A soldier and a police officer were killed and more than a dozen people were injured as Egypt was rocked by three explosions Friday, raising fear of an increase in violence before the presidential election this month.
Two of the attacks were suicide bombings that took place in the restive Sinai Peninsula, where Egypt's army has been battling an Islamist insurgency; the third blast was set off in Cairo.
Most of the Sinai fighting has been taking place in the north, but Friday's attacks occurred in the town of El Tur in southern Sinai, closer to beach resorts that continue to draw foreign visitors and provide Egypt with badly needed tourist revenue.
Militant attacks in Egypt are usually aimed at security installations, and one of Friday's targets was an army checkpoint. But the other bomber struck a bus carrying civilians.
The checkpoint blast killed one soldier in addition to the bomber and injured five others, security officials said. The second explosion, on a nearby roadway, killed only the bomber, but injured four people aboard the bus. In the capital, Cairo, a crude device planted at a traffic-control post killed a policeman and injured four other people, the Interior Ministry said.

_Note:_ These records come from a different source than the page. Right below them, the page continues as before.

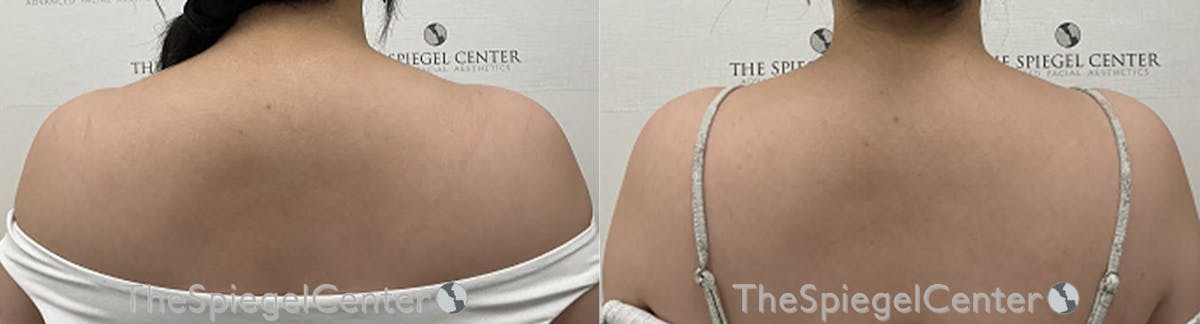 Trapezius Botox (TrapTox) Before & After Gallery - Patient 214145 - Image 1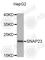 Synaptosome Associated Protein 23 antibody, A4249, ABclonal Technology, Western Blot image 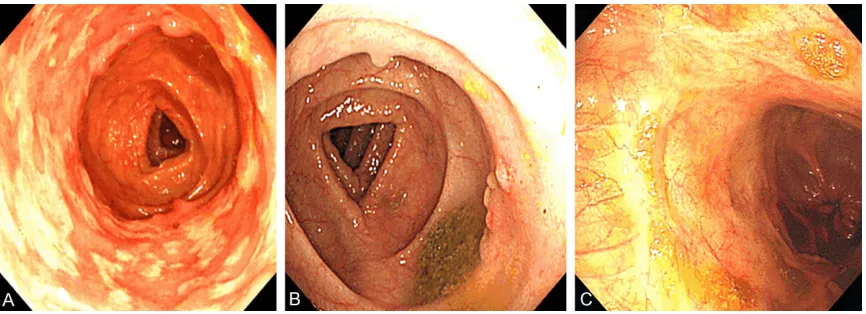 Table 3. Endoscopic assessments after anti-tuberculosis therapy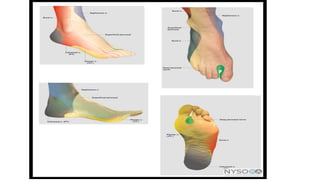 Peripheral Nerve block(ankle block,wrist block, digital block) | PPTX
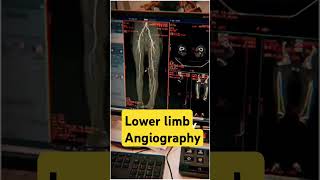 Lower limb angio VRT images vrt angiogram 3d ctangiography ctscan angiography anatomy [upl. by Enalb645]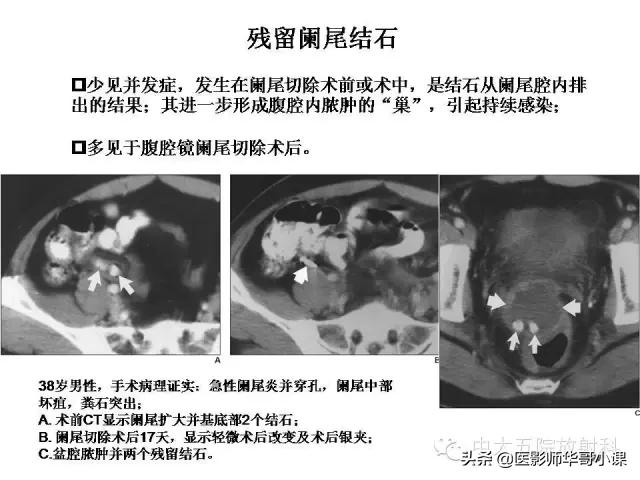 阑尾炎课件,阑尾炎的超声课件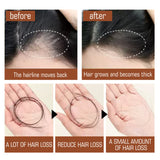 Moisturizing Hair Root Strengthening and Anti-fall, Batana Oil Hair Conditioner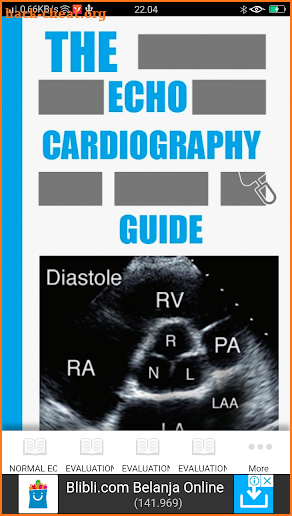 ECHOCARDIOGRAPHY GUIDE screenshot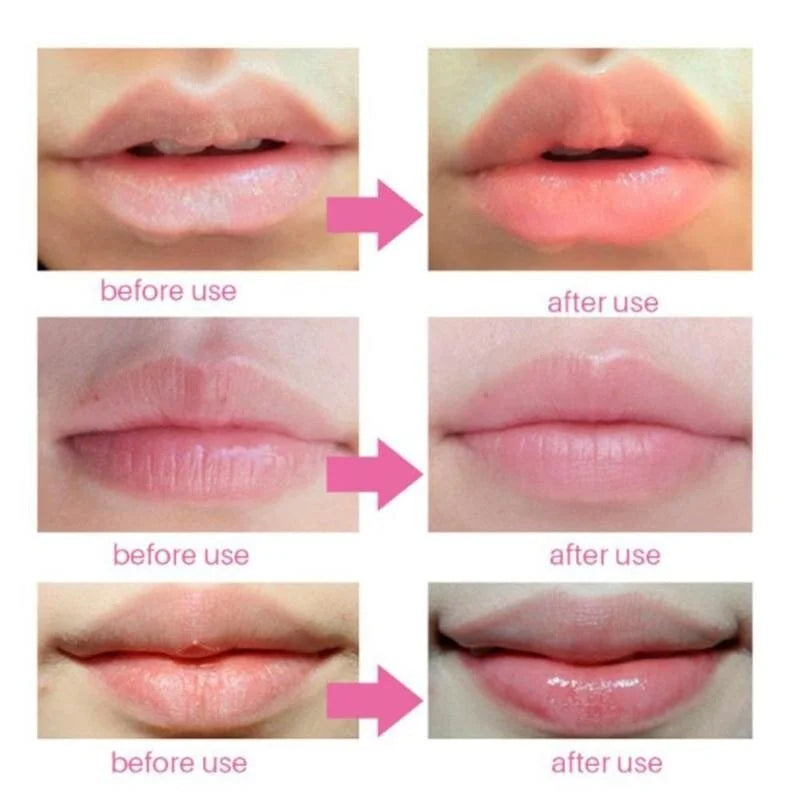BIOAQUA Cherry Gollagen Hydrating Lip Mask Moisturizing Nourishing Anti-Drying Lightening 20pcs Oasis Select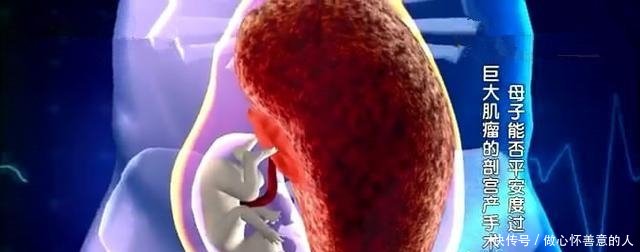 女大学生怀孕8个月产检,医生要求剖腹,男友一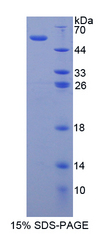 MMP15 Protein - Recombinant  Matrix Metalloproteinase 15 By SDS-PAGE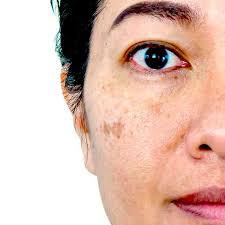 Image result for Melasma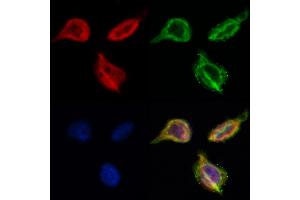 ABIN6261208 and ABIN6268648 staining Hela by IF/ICC.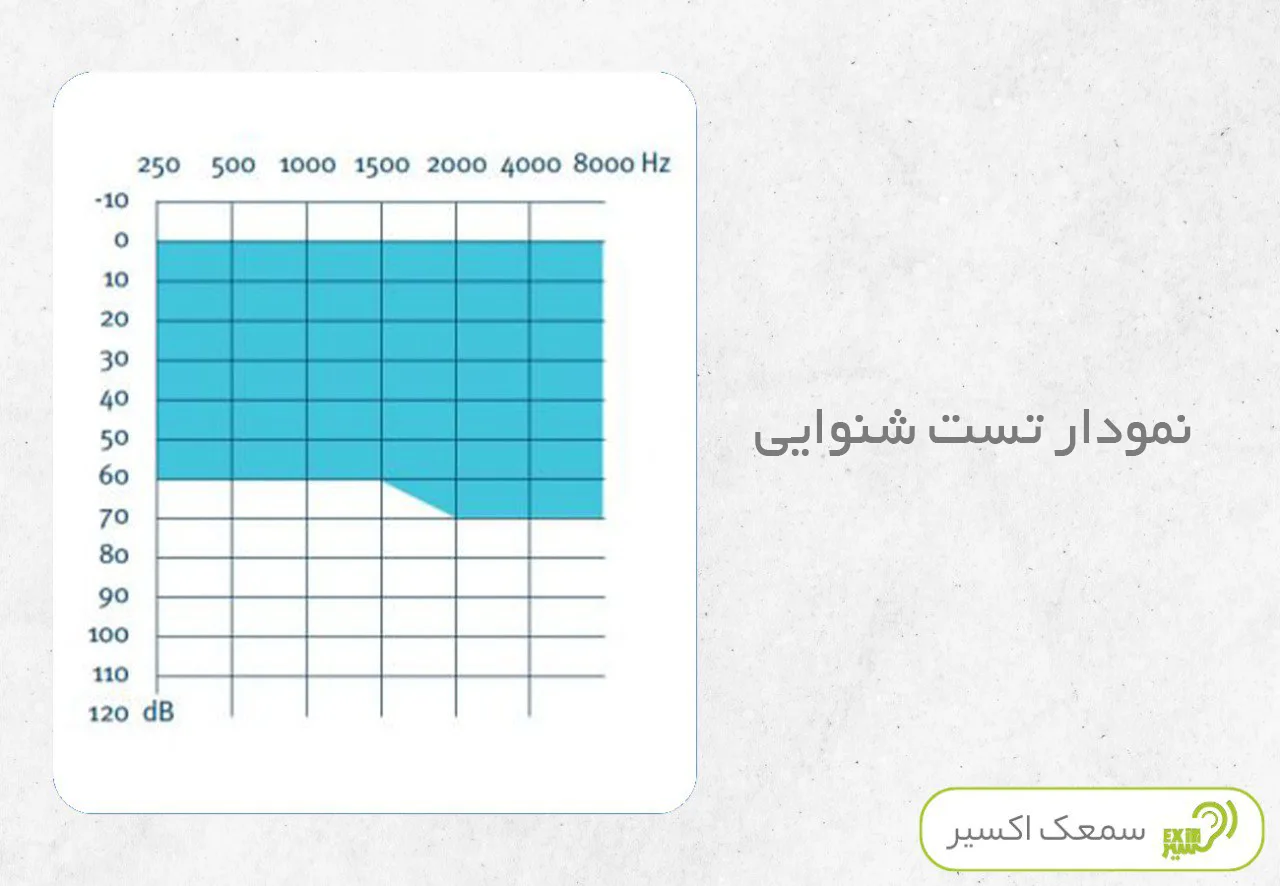 نمودار تست شنوایی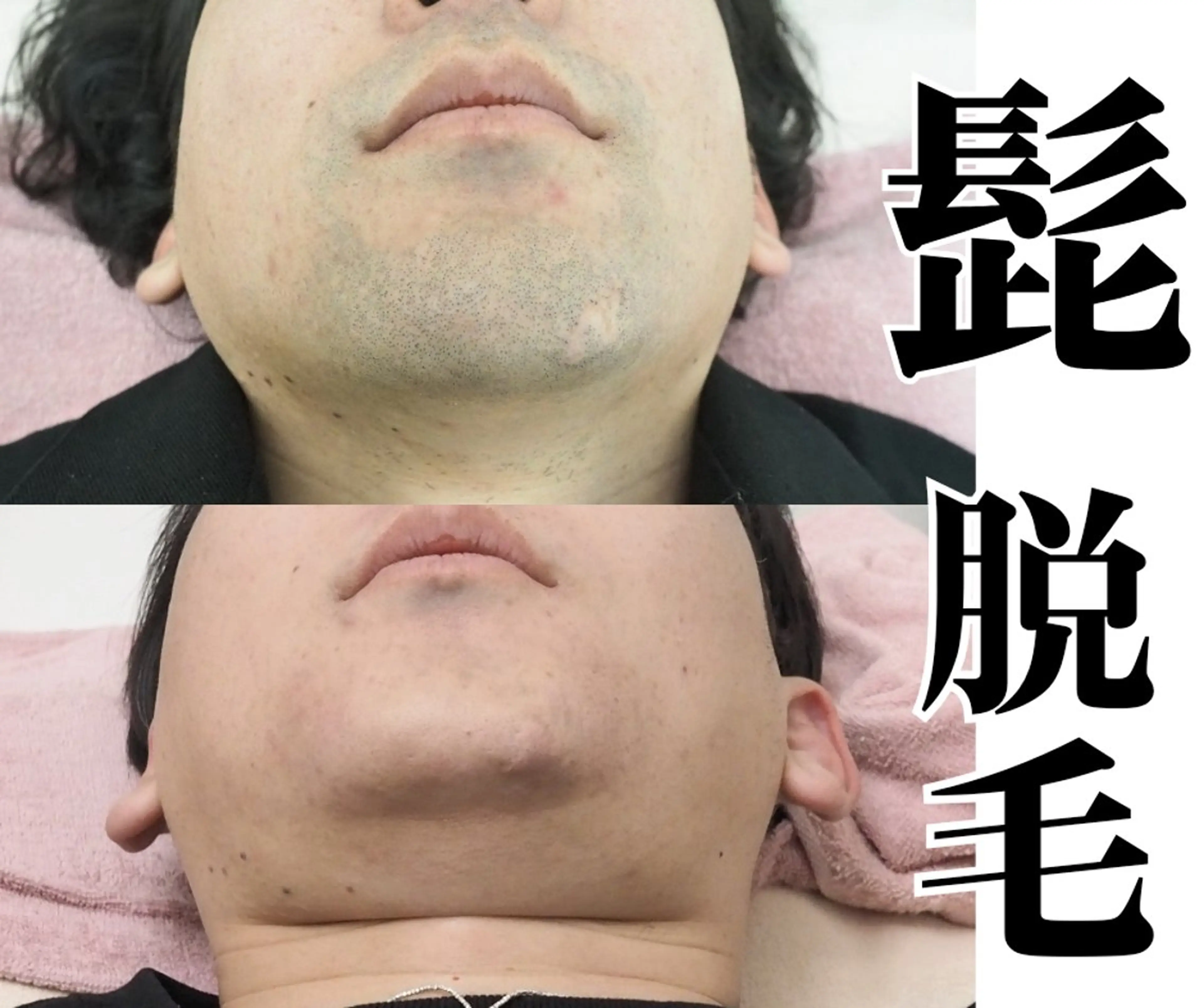 メンズ ユニセックスエステサロンUniclear所属・痩身&フェイシャル Uniclearのエステ・リラクイメージ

There was no immediate claim of responsibility for any of the attacks.
The United States this week moved to bolster Egypt in its fight against armed Islamist groups in Sinai, pledging to send 10 Apache attack helicopters whose shipment had been held up when some aid to Egypt was suspended last year. The Obama administration is also seeking to restore hundreds of millions of dollars worth of other aid, but has run into congressional opposition due to a series of repressive measures by Egypt's military-backed interim government.
Those have included the killing of more than 1,000 followers of ousted Islamist President Mohamed Morsi and the jailing of at least 16,000 others, by the government's own count. Egypt also drew international condemnation after a judge last week handed down mass death sentences to nearly 700 people – a month after having decreed capital punishment for more than 500 others.
Government actions have also targeted freedom of expression and assembly, including the jailing of journalists and passage of a law criminalizing spontaneous street protests. Authorities are also weighing proposed anti-terrorism legislation that rights advocates say could be wielded against virtually anyone who criticizes the government.
The government has blamed Morsi's Muslim Brotherhood for a wave of attacks in recent months, but another militant group – Ansar Bayt al Maqdis, or Partisans of Jerusalem – has claimed responsibility for the most sophisticated and deadly attacks. The Brotherhood, previously Egypt's biggest political bloc, publicly renounces violence; the interim government has branded it a terrorist organization.